Парни в общем были такими же, как и в мое время - кто-то не испытывал страха и рвался в бой, кто-то наоброт трусил, но крепился, чтобы не потерять лица. Так что все разговоры про то, что вот раньше были люди, а в мое время - трусы - ерунда. Так было всегда. Да и разговоры, что в Великую Отечественную повыбили весь генофонд - тоже странные. Про Гражданскую тоже говорили, что повыбили лучший генофонд, но кто же тогда победил фашизм во Второй Мировой ? Вот так-то. Да и потом герои не переводились. Так что всегда на смену одним придут другие. Главное - идеология и настроение общества.
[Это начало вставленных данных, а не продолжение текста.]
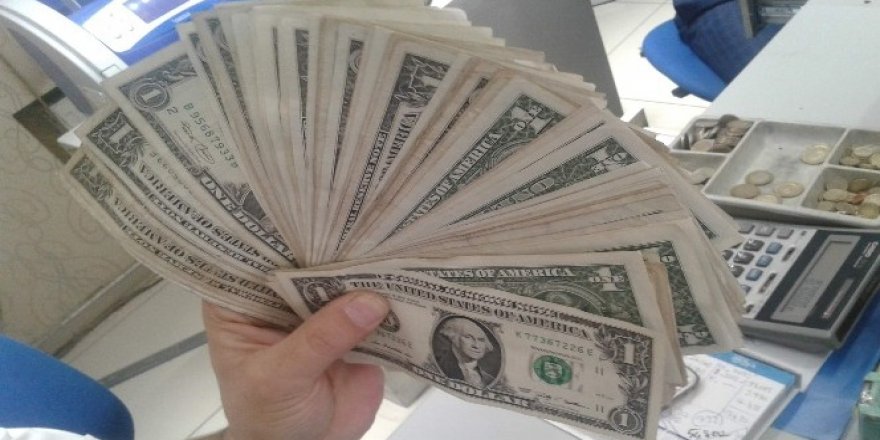 Vatandaşlarda ’1 dolar’ korkusu başladı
Эти два момента тоже уже активно использовались в воспитании бойцов. И мы усиливали мотивацию к бою на всех трех уровнях мотивов - социальных - любовь к родине, ненависть к врагу, чувство долга; коллективных - товарищество, взаимовыручка, страх группового презрения, и индивдуальных - премии, награды, возможность повысить свой статус, испытать свои силы. Проще всего вырабатывались коллективные уровни мотивации - коллектив как никто другой мог оперативно оказать влияние и воздействие на индивида. Но уже от них боец рос и до социальных, а уже если подключались еще и индивидуальные из направленных на личностный рост, то можно было считать, что психолог, командир и коллектив поработали просто отлично. Наши мотивы, цели, настроения, воля должны были быть сильнее, чем у противника.
Социальные факторы, как наиболее доступную для массовой пропаганды сторону психологического воспитания, мы продвигали всеми способами - статьи в газетах, выступления на радио, кинофильмы, спектакли - каждая единица культмассовой продукции поднимала те или иные стороны и вопросы - составление правильного - священного и освободительного - образа войны в глазах общества, правильного, нацеленного на победу над врагом, отношения к войне - все эти вопросы раз за разом поднимались и разжевывались в многочисленных произведениях и статьях. Отмечу, что в первые недели и месяцы войны эти образы в глазах людей были достаточно негативны - и по причине наших поражений, и по причине особенностей, и это мягко сказано, поведения значительного количества прдставителей советской власти. Поэтому-то и приходилось преодолевать отсутствие энтузиазма - настрой был негативный, и мы его выправляли фразами "вот суки что делают, ну ща мы им вломим, раз не хотят по-хорошему". К армии и к нам отношение тоже было негативным, у многих она потеряла доверие, ее воспринимали как нахлебника, который не смог справиться с врагом, хотя ее так много кормили. Поэтому по-началу в отношении к нам бывали и такие настроения, что "вы тут воюете, а нас потом из-за вас убьют". С такими разговорами мы справлялись в легкую - "не, дед - убьют тебя не из-за нас, а из-за того, что они на нас напали".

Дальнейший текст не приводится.